» **Task details**: In the records below, find the line containing "Foto 6 van Valleistraat 164" and return it together with every later line, exactly as written; pictures are to be omitted.

» **Input for this task**:
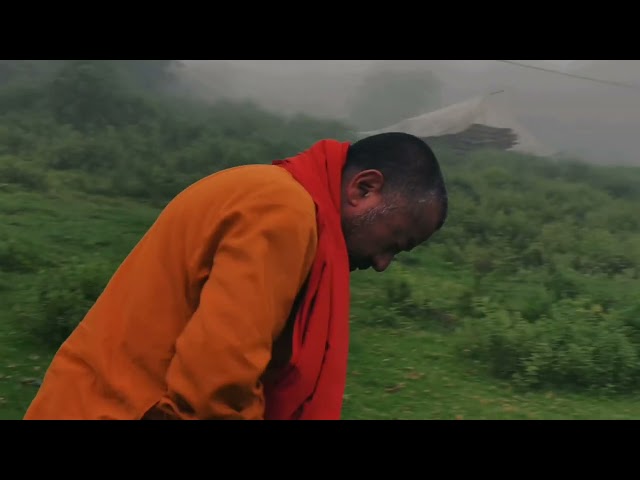 #bhutan   haa dzongkha sombakha gewog mini vlog view my day 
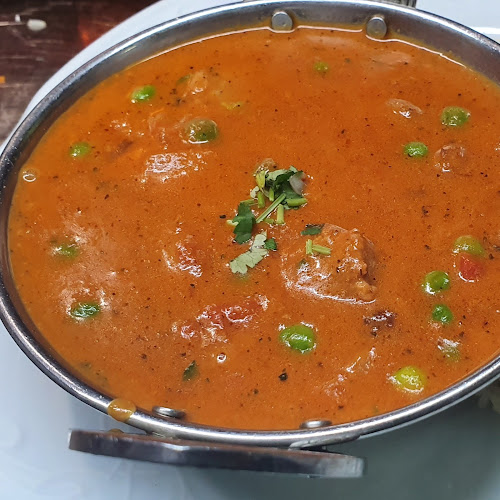 Sher-e-punjab - Gastronomía y hostelería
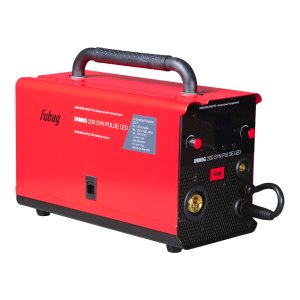 FUBAG Сварочный полуавтомат IRMIG 200 SYN PULSE LED (с горелкой 250А в комплекте) в Сыктывкаре фото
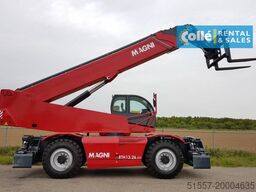 Magni RTH 13.26 | 2020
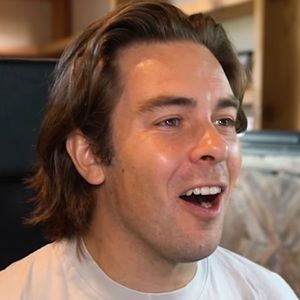 Meet your Posher, Chandler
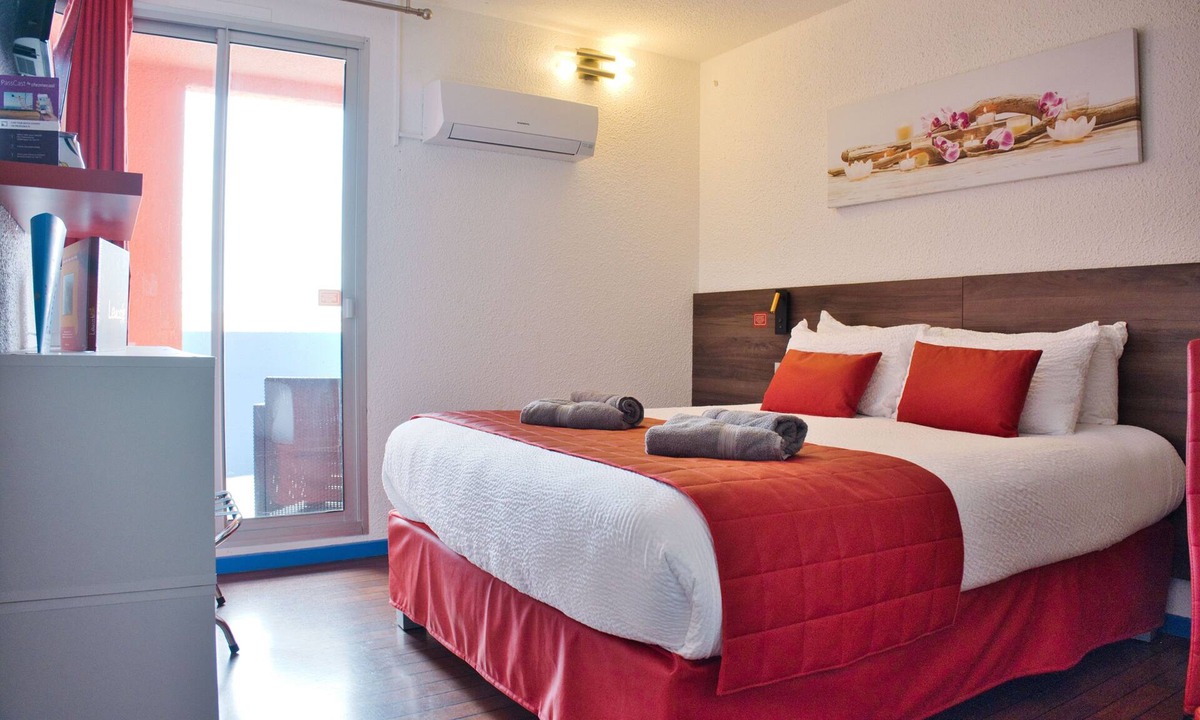 Port Leucate Hotel | Hôtel des 2 golfs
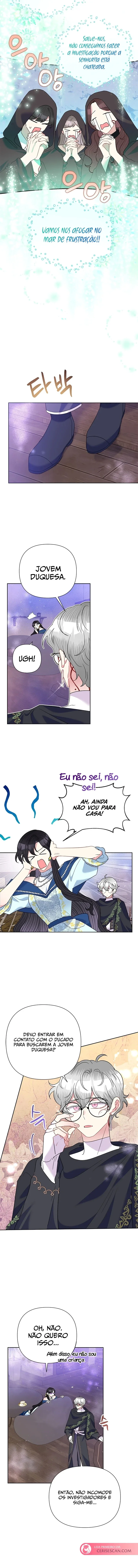 A VilÃ£ Tem Divertimento Hoje capitulo 63 pagina 5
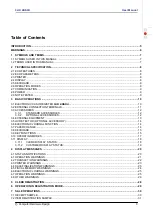 Preview for 3 page of CHD CHD 3050U User Manual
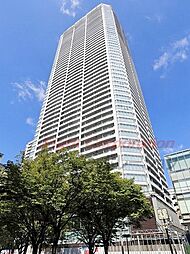 大阪ひびきの街 ザ・サンクタスタワー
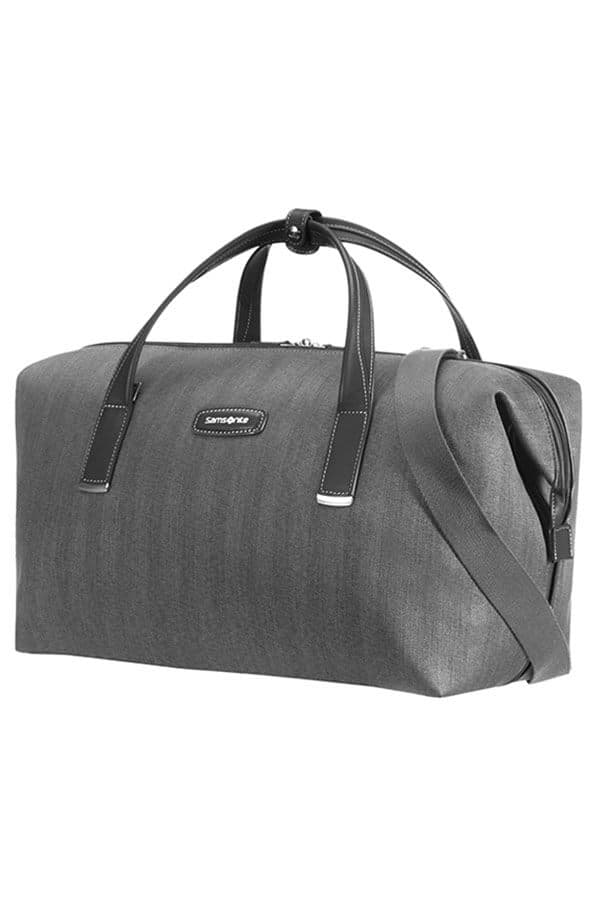 Дорожная сумка Samsonite Lite DLX Duffle Bag 55 см 64D-28005 28 Eclipse Grey - фото №1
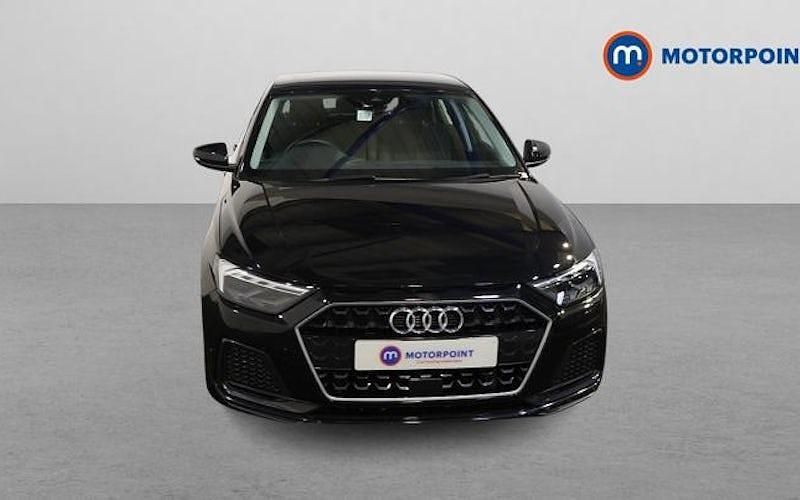 Used Audi A1 Sportback Sport 110 HP (80 kW) 2024 Hatchback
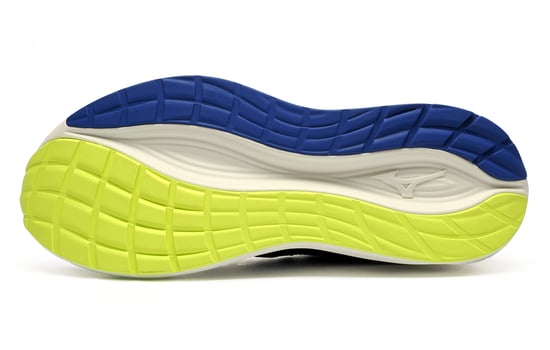 Mizuno Neo Cosmo Mens Running Shoes - Image 4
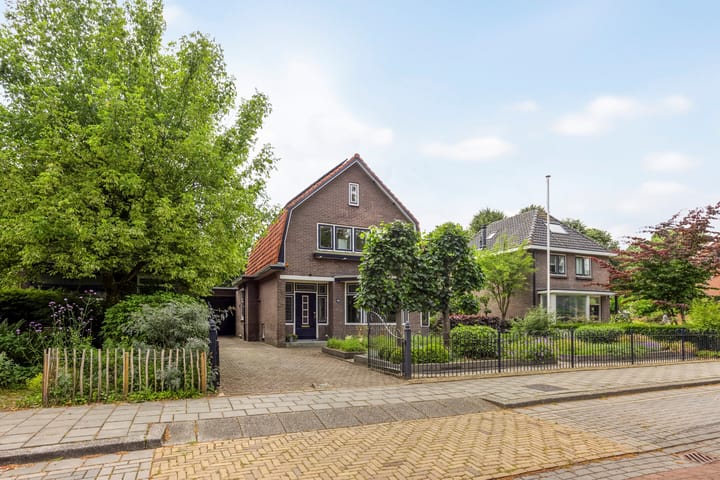 Foto 6 van Valleistraat 164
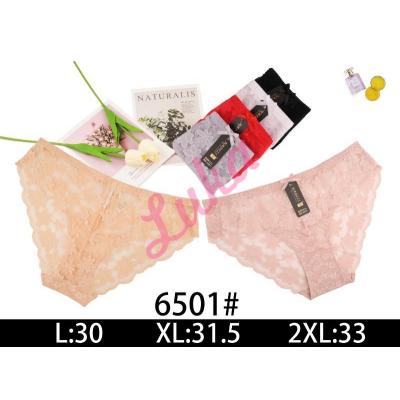 Majtki damskie Nadizi 6592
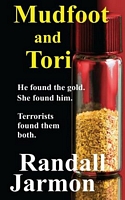 Mudfoot and Tori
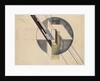 Construction, 1921 by Gustav Klutsis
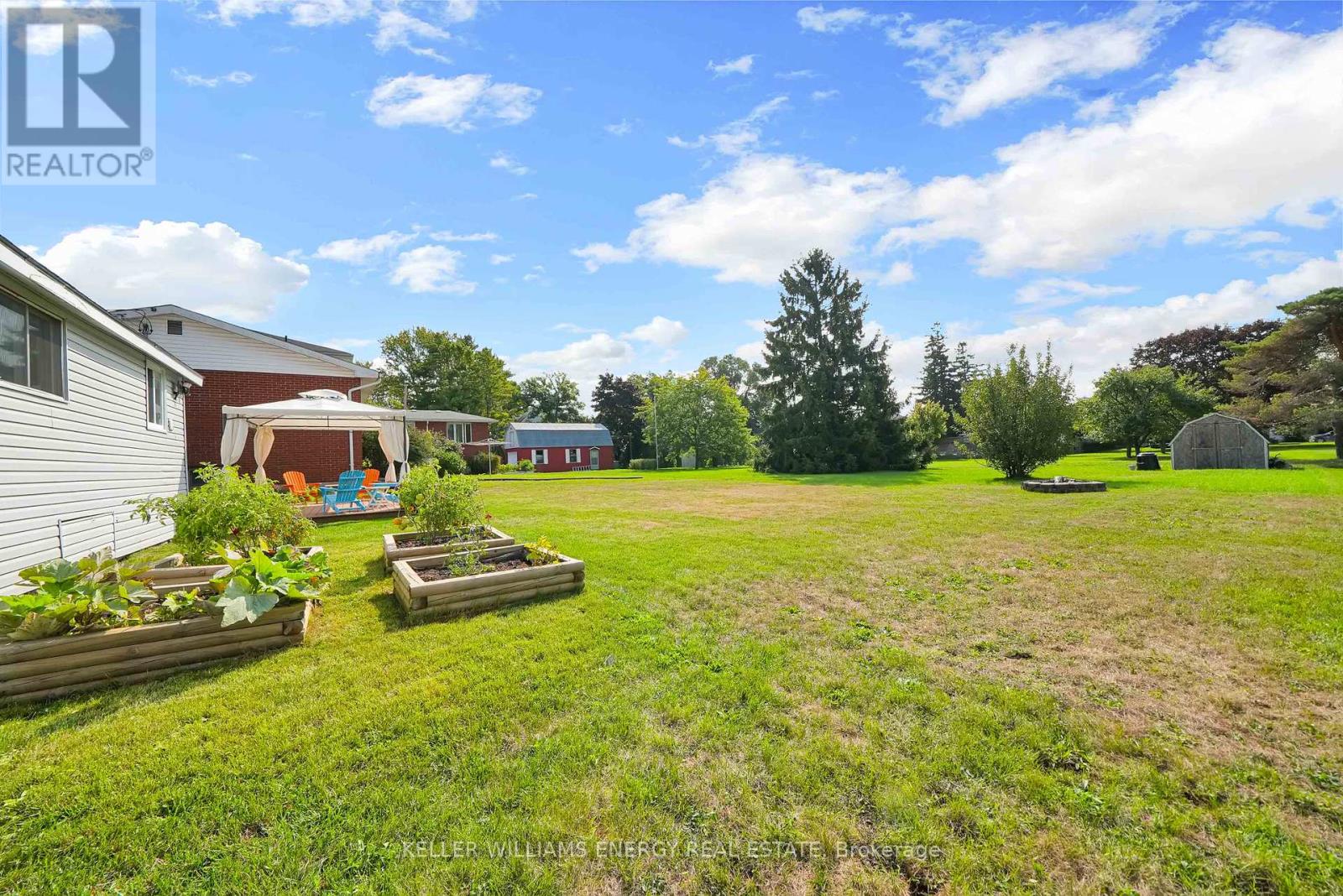 319 Second Avenue, Prince Edward County, Ontario  K0K 3L0 - Photo 33 - X12389175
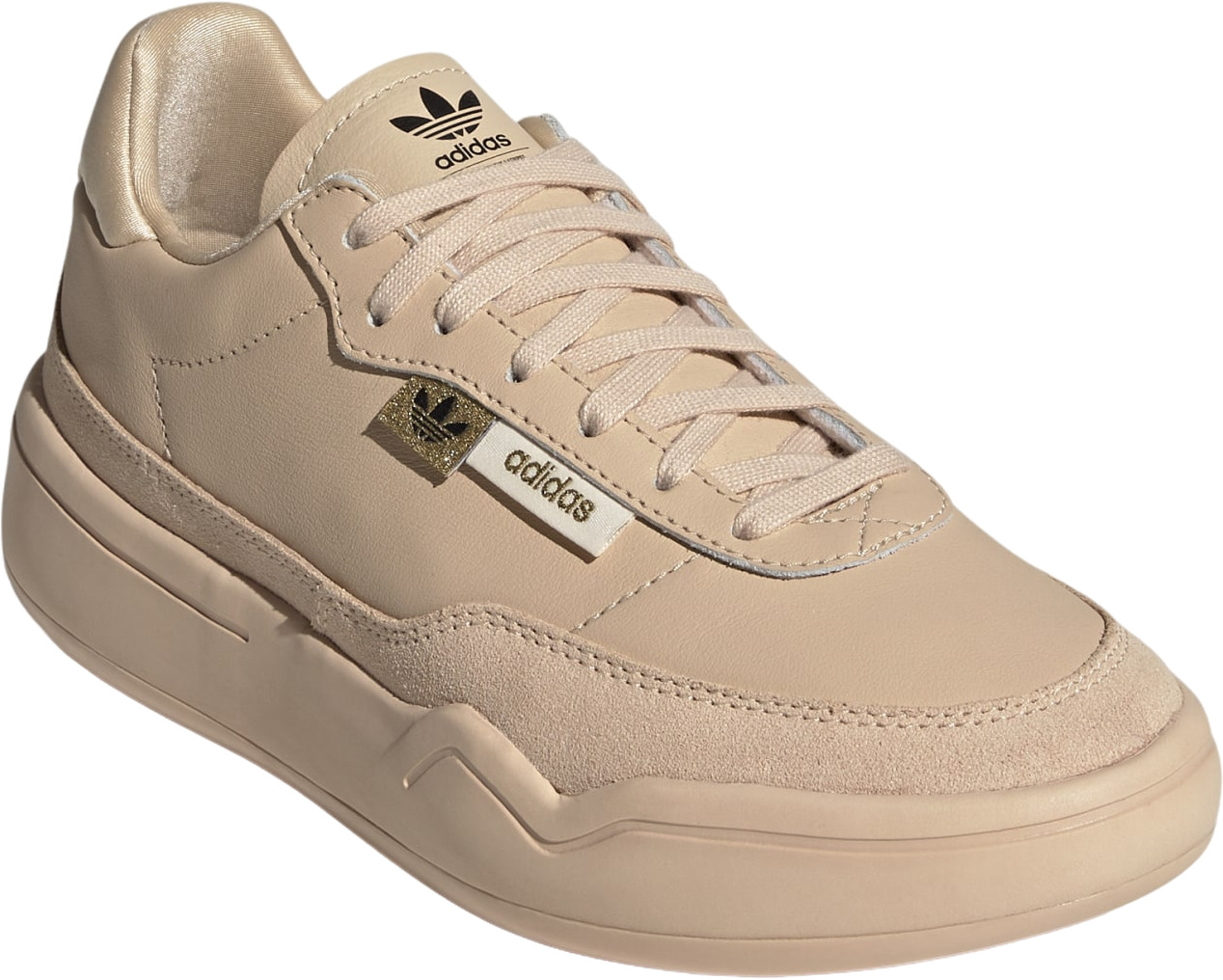 Кроссовки Adidas HER COURT W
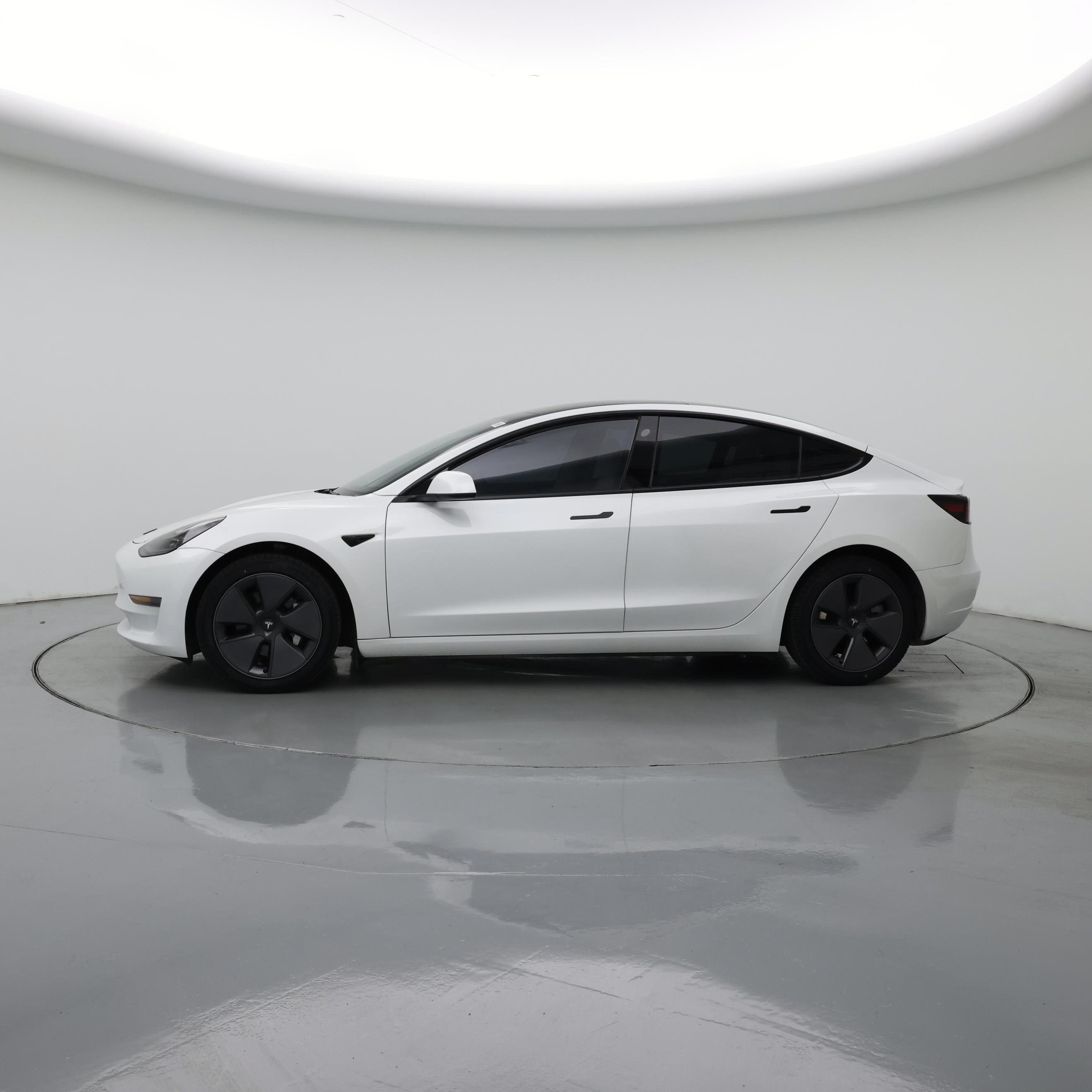 Thumbnail: 2021 Tesla Model 3 - 3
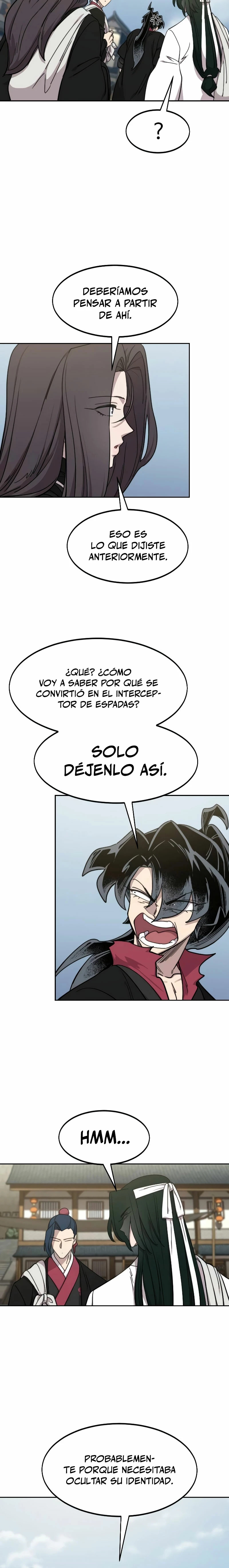 Read Regreso de la Secta del Monte Hua ES Manga Online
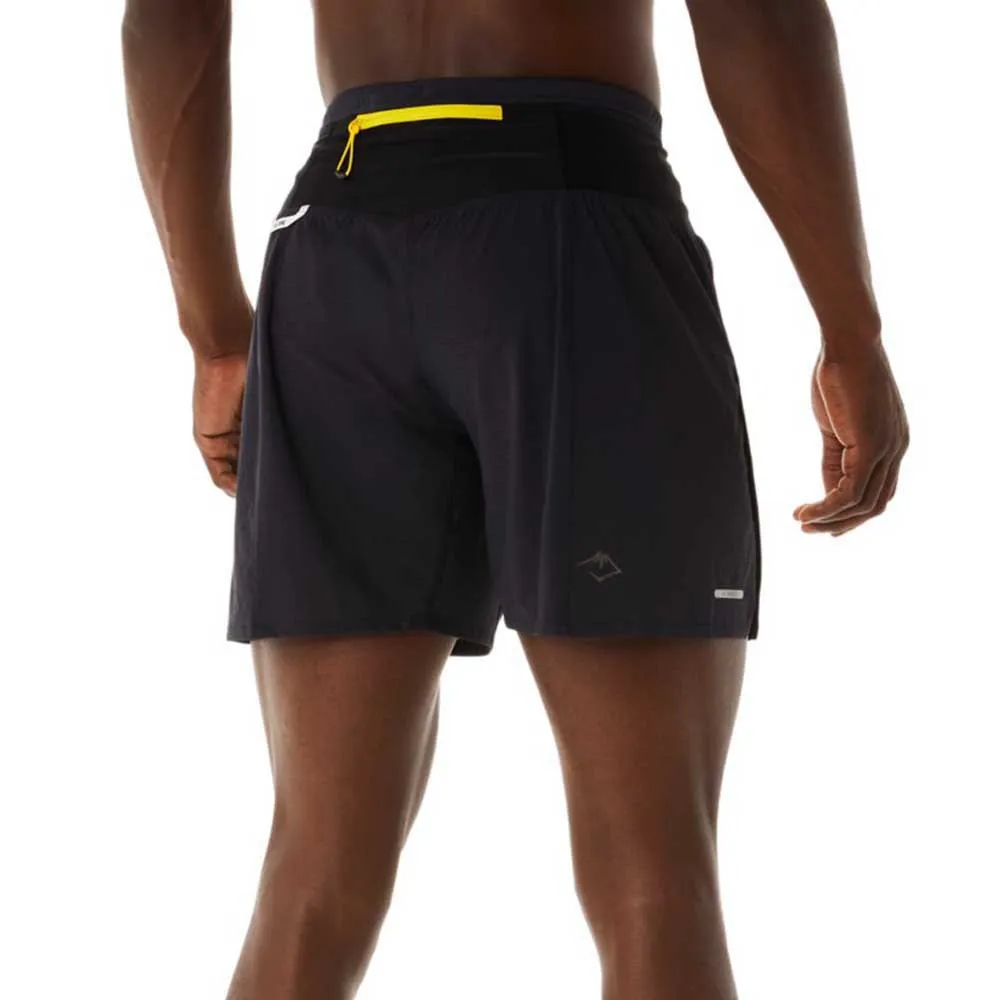 Asics Fujitrail Shorts Man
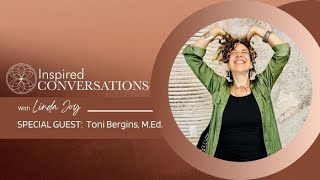 Embodiment Transform Your Life Through Movement with Toni Bergins MEd [upl. by Hulburt]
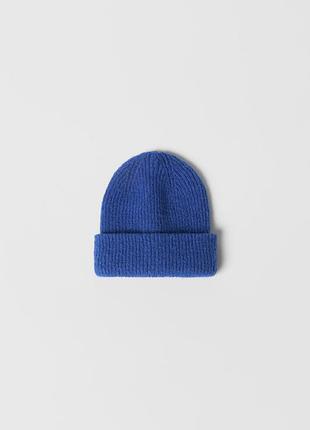 Шапкв zara 3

» **Task result**:
 Foto 6 van Valleistraat 164
 Majtki damskie Nadizi 6592
 Mudfoot and Tori
 Construction, 1921 by Gustav Klutsis
 319 Second Avenue, Prince Edward County, Ontario  K0K 3L0 - Photo 33 - X12389175
 Кроссовки Adidas HER COURT W
 Thumbnail: 2021 Tesla Model 3 - 3
 Read Regreso de la Secta del Monte Hua ES Manga Online
 Asics Fujitrail Shorts Man
 Embodiment Transform Your Life Through Movement with Toni Bergins MEd [upl. by Hulburt]
 Шапкв zara 3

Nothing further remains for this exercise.